Class Consciousness. Parents rebel against dictatorial school systems. Detroit voters oust Mayor Coleman Young's crew from the school board, in favor of four upstarts. The new guys say public schools should compete with one another for students. Shockingly, even the teachers' union backs the reformers. Meanwhile, Seattle black leaders demand real competition: they want the school district to hire private schools to teach "at risk" students.
Scroll Survivors. Israel says no, for now, to the ultra-Orthodox agenda, as American Jews threaten an intifada of their own. The long-term problem, however, lies in Israel's uneasy combination of vigorous democracy and East Bloc–style statism.
Zone Defense. The Supreme Court affirms the right of private associations to discipline members. The NCAA, it rules, can ban Jerry Tarkanian, of University of Nevada–Las Vegas, from coaching basketball. For picayune rules, arbitrarily applied, the NCAA rivals any government agency. But the case marks a rare acknowledgement of the public-private distinction.
Liabilities
Dangerous Precedent. Hong Kong stamps "return to sender" on illegal immigrants from China and pens Vietnamese boat people behind barbed wire. Meanwhile, local businesses can't find workers; 10,000 to 15,000 jobs go begging in construction alone. "Economic migrants" find few havens anywhere on earth. But the Hong Kong unions who fight immigration should keep 1997 in mind. Live by the sword…
Grand Inquisitor. Prosecutors use RICO the way their forebears used the rack—to elicit confessions. "Drexel admits guilt," read the headlines, not "Drexel pleads guilty to avoid financial torture." (Some of Drexel Burnham's crimes are as technical as the finest heresies regarding transubstantiation.) Where are those card-carrying ACLU members on this issue?

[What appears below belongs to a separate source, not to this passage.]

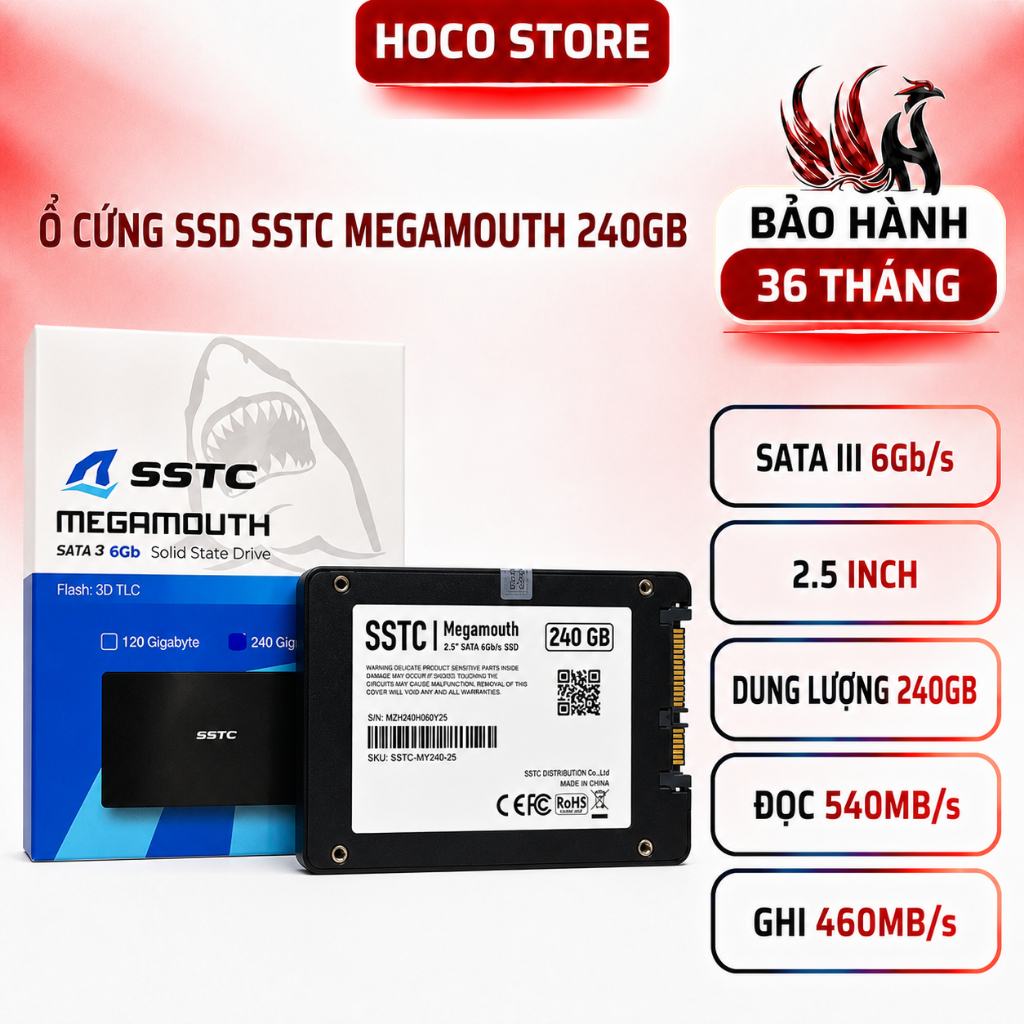 Ổ Cứng SSD SSTC Megamouth 240GB SATA III 2.5 Inch | Đọc 540MB/s Ghi 460MB/s | BH 36 Tháng | Hoco Sto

Corporate Tools. Will Bush bring back big-business Republicanism? And, with it, regulation? The antibusiness crowd forgets that large companies often don't mind government meddling, as long as they can turn it against competitors. Look for more protectionism and securities regulation, plus "kinder, gentler" mandates that crush entrepreneurs.
Junkyard Dogs. Liability worries and EPA zeal threaten to squelch some of America's most-effective environmentalists—scrap-metal processors. They recycle about half the iron, lead, and zinc and a fifth of the aluminum that Americans throw out. But the trashed appliances, cars, and other discards they turn into minimill feedstocks also contain hazardous wastes. And recyclers don't want old PCBs, lead, or cadmium coming back to haunt them in court. So more junk may wind up in the nation's landfills, bringing its hazards along with it.